Mientras atravesaba el Lincoln túnel, pasadas las doce y media de la noche y seguía mi viaje hacia Hackensack, me puse a meditar sobre los imponderables de la vida, me acordé que sólo hacía un año que tuve una de las Navidades mas amargas de mi vida, en mi propia ciudad, en Guayaquil. Esa noche estuve sólo, había perdido mi trabajo a causa de un gobierno demagógico y corrupto que pagaba con empleos en el Estado los favores políticos que debía a sus seguidores, mientras despedía a quien se había ganado su trabajo con perseverancia, inteligencia y esfuerzo.

La noche de Navidad, en el año anterior, yo estuve aturdido, confundido, asustado, con miedo sobre mi futuro, sin saber que hacer para seguir adelante en un país que ofrecía tan pocas oportunidades a la gente joven. Mientras que ahora, esta noche, justo sólo un año después, estaba extremadamente feliz, había tenido una jornada de intenso pero muy productivo trabajo, estaba en camino a ver a mi chica con quien festejaríamos alegremente la Navidad. Pensé entonces que así es la ruleta de la vida, un día te sientes poco menos que un miserable y pisoteado gusano, y el próximo eres como un pájaro madrugador, que vuela feliz, cantándole a la vida…

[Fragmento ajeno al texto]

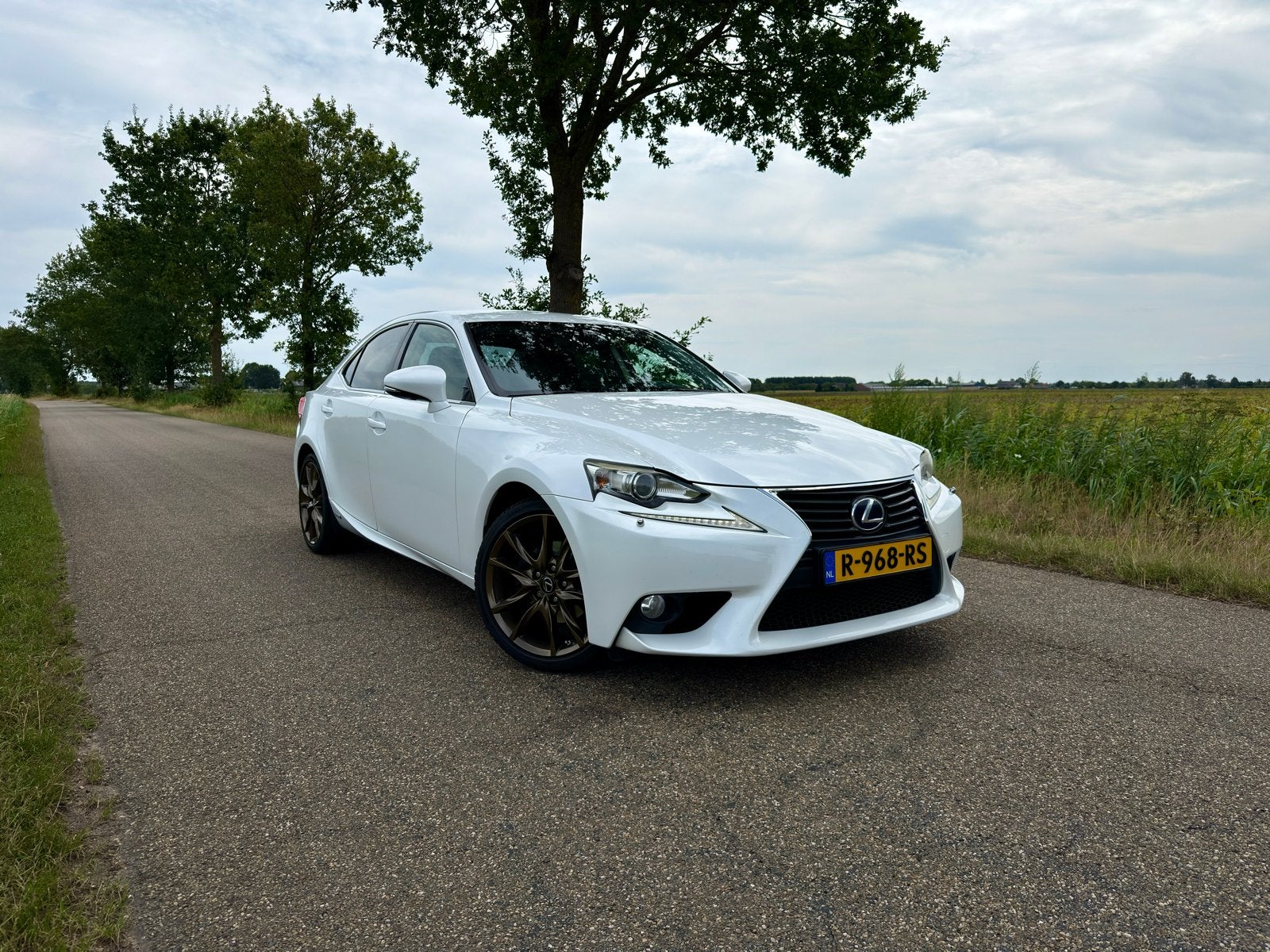Lexus IS 300H 2.5 Hybrid CVT 2014 Wit, Auto's, Lexus, Automaat, Achterwielaandrijving, 181 pk, Geïmporteerd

No creía entonces, como no lo creo ahora, que existe el llamado “destino” o la mala o buena suerte de la gente. Sólo existe la vida que uno mismo se va creando día a día con su esfuerzo, con inteligencia, con perseverancia, pero claro, siempre con Fe en Dios y Su infinita capacidad de escucharte. Pensé entonces que nosotros no somos otra cosa que el resultado de cómo colocamos cada uno de los ladrillos en el edificio de nuestras vidas, siguiendo la invisible pero siempre presente dirección técnica del Gran Arquitecto del Universo.

Cuando llegué a su casa. Anita me estaba esperando, lucía bellísima en su nuevo vestido rojo con un lasito verde a la altura de su corazón. El perfume que ella usaba esa noche era el más dulce y agradable perfume que yo haya olido hasta entonces (y que se grabó en mi mente por muchos años). Llevaba una rosa blanca junto a su oreja, en el lado izquierdo de su corta y hermosa cabellera casi rubia. Sus labios pintados con un brillante rojo hacían que sus hermosos dientes lucieran más blancos y relucientes cuando me sonreía, mientras sus ojos verde esmeralda estaban llenos de felicidad cuando finalmente llegué a su casa a la una y media de la mañana del 25 de diciembre. Tuve que repartir abrazos y deseos de Feliz Navidad a todos y cada uno de los presentes, casi todos eran hermanos y primos de Anita. Mientras tanto, las mujeres se apresuraban a servir la cena que había estado esperando mi llegada y de la cual Anita había sido parcialmente responsable.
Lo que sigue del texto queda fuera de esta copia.